## Instructions for the task
Exactly reproduce the lines of the listing below from the one containing "Close Vista Branco" through the one containing "Исполинская цапля-Голиаф". Skip the images.

## Available records
★ ★ ★ ★ ★

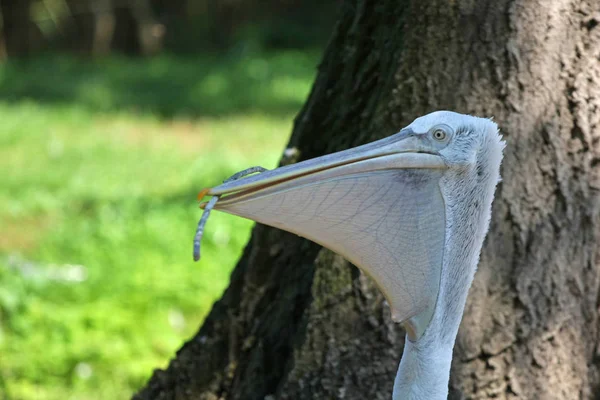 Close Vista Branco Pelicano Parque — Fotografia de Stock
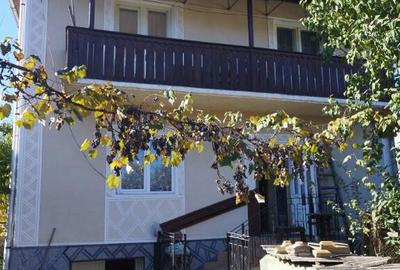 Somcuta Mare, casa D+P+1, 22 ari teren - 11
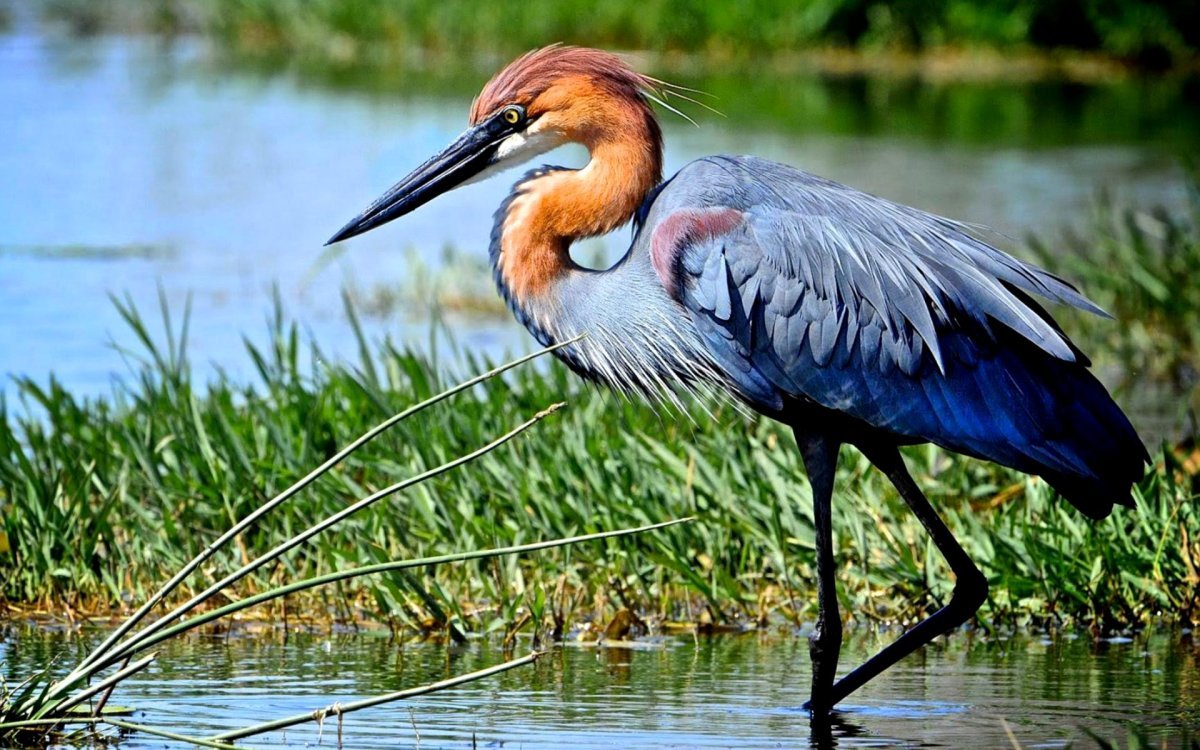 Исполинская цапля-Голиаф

★ ★ ★ ★ ★

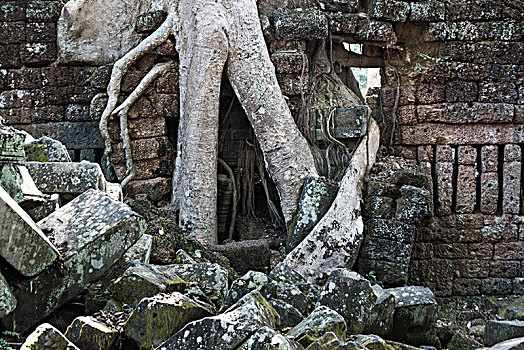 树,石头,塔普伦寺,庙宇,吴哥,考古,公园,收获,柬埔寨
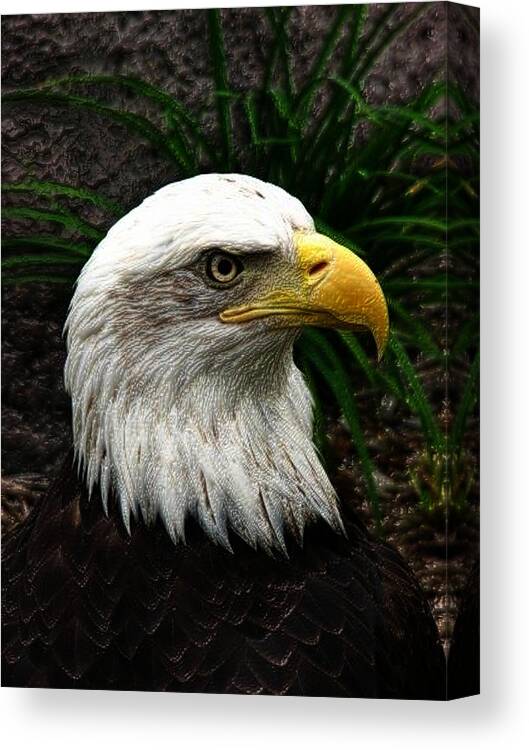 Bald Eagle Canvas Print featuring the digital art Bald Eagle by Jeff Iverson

★ ★ ★ ★ ★

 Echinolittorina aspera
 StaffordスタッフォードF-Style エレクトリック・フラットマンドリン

★ ★ ★ ★ ★

## Completed task
 Close Vista Branco Pelicano Parque — Fotografia de Stock
 Somcuta Mare, casa D+P+1, 22 ari teren - 11
 Исполинская цапля-Голиаф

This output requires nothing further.